From the 1930s to the 1960s, two impresarios dominated the field of British rep, mostly in the North. They were Harry Hanson and his Court players, and Frank H. Fortescue's Famous Players, with the Arthur Brough Players in Folkestone in the South. When an actor joined one of their companies, it could mean "twice-nightly" shows, and a new play to learn every week. Actress Rosemary Harris has told of her 50 consecutive weeks of doing that at Bedford rep. However, this is no longer possible, owing to restrictions from British Equity, which came to mandate just eight shows a week, including perhaps two matinées.

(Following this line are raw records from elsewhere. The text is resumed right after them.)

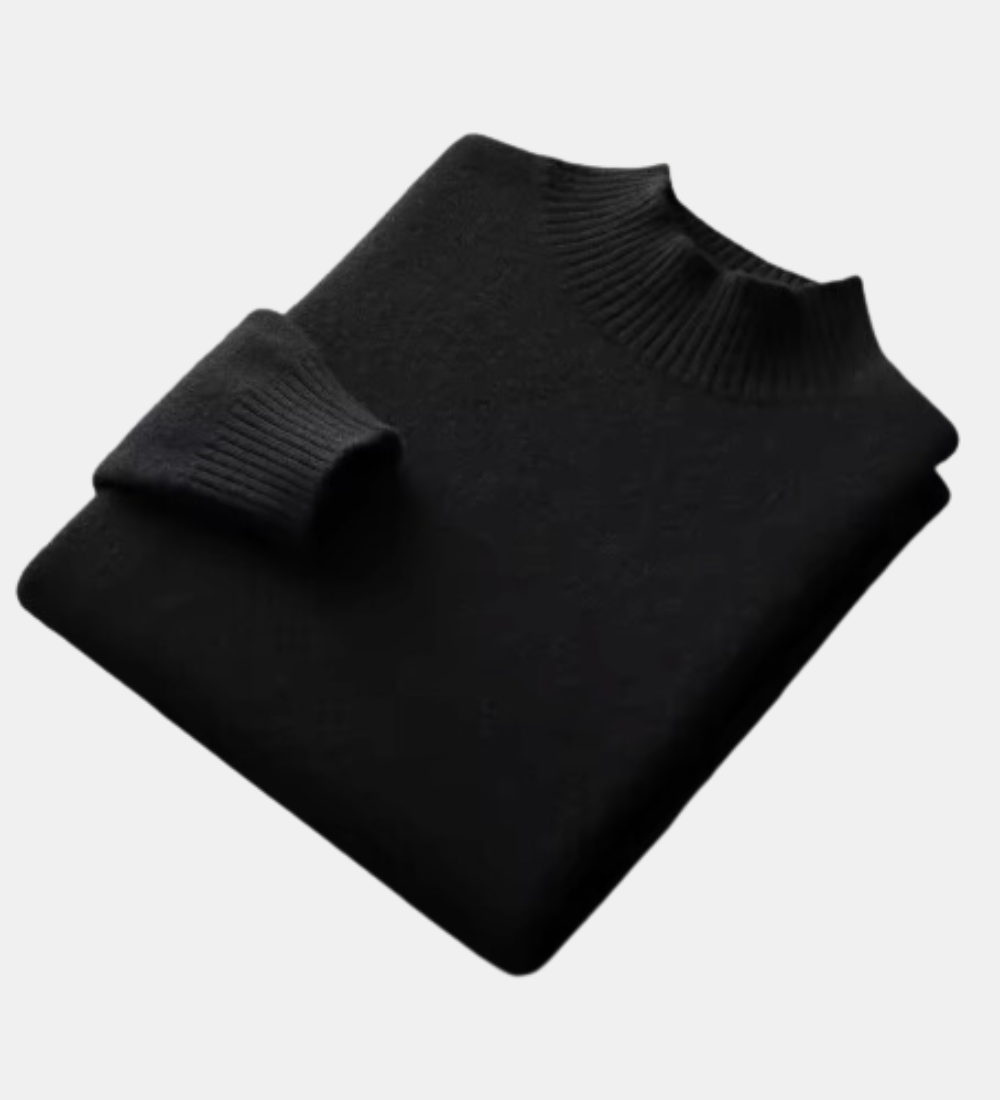 KIKO - Svetr Mercurius s polo-vysokým límcem z vlny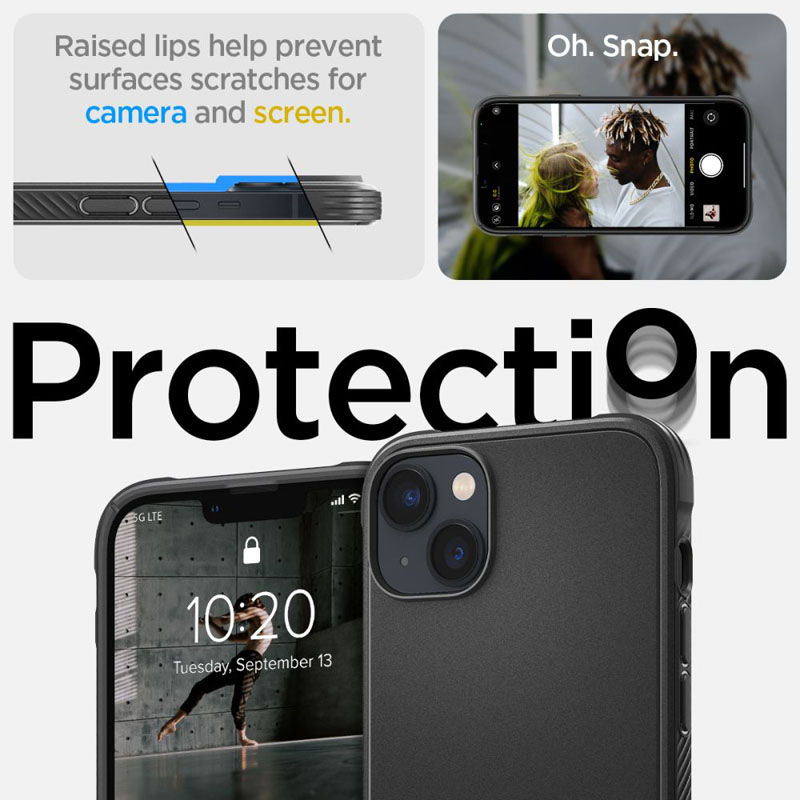 Spigen Rugged Armor Mag MagSafe - Etui do iPhone 15 Plus / iPhone 14 Plus (Czarny)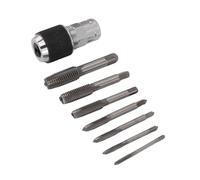 3/8 Inch Drive Tap Socket High Speed Steel Adjustable Tap Chuck Holder for Easy Tapping Suitable for M19 Wrenches - Durable Steel Construction for Professional Use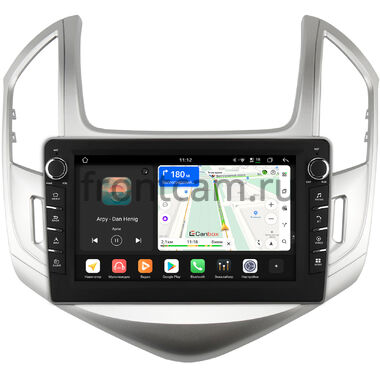 Chevrolet Cruze 2012-2016 (серебро) Canbox H-Line 8834-9-242 на Android 14 (4G-SIM, 6/128, DSP, IPS) С крутилками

The practice of repertory ("rep") is still seen in large cities. Actors now have the luxury of at least three weeks of rehearsal, however. Repertory can still be found in the UK in a variation of guises: in Sidmouth (12 plays), Wolverhampton (eight), and Burslem and Taunton (four each). The Sheringham Little Theatre produces an in-house repertory season each summer, running from June until September. Weekly repertory theatre is also produced by the Summer Theatre season at Frinton-on-Sea.

==Canada==
Organizations in Canada include North America's largest classical repertory theatre company, the Stratford Festival, founded in 1953 primarily to present productions of William Shakespeare's plays. Canada also hosts North America's second largest repertory theatre company, the Shaw Festival, founded in 1962, which presents plays written by or set during the lifetime of Bernard Shaw, or that follow Shaw's ideal of socially provocative theatre. However, Canadian repertory companies follow a model that differs somewhat from the years-long rotation repertory system found in Europe. In Canada, productions often stay on the repertory for one season, running in repertory with other productions in the same year. The actors are not employed full time long term, but instead work on contracts usually maximum 8 months long.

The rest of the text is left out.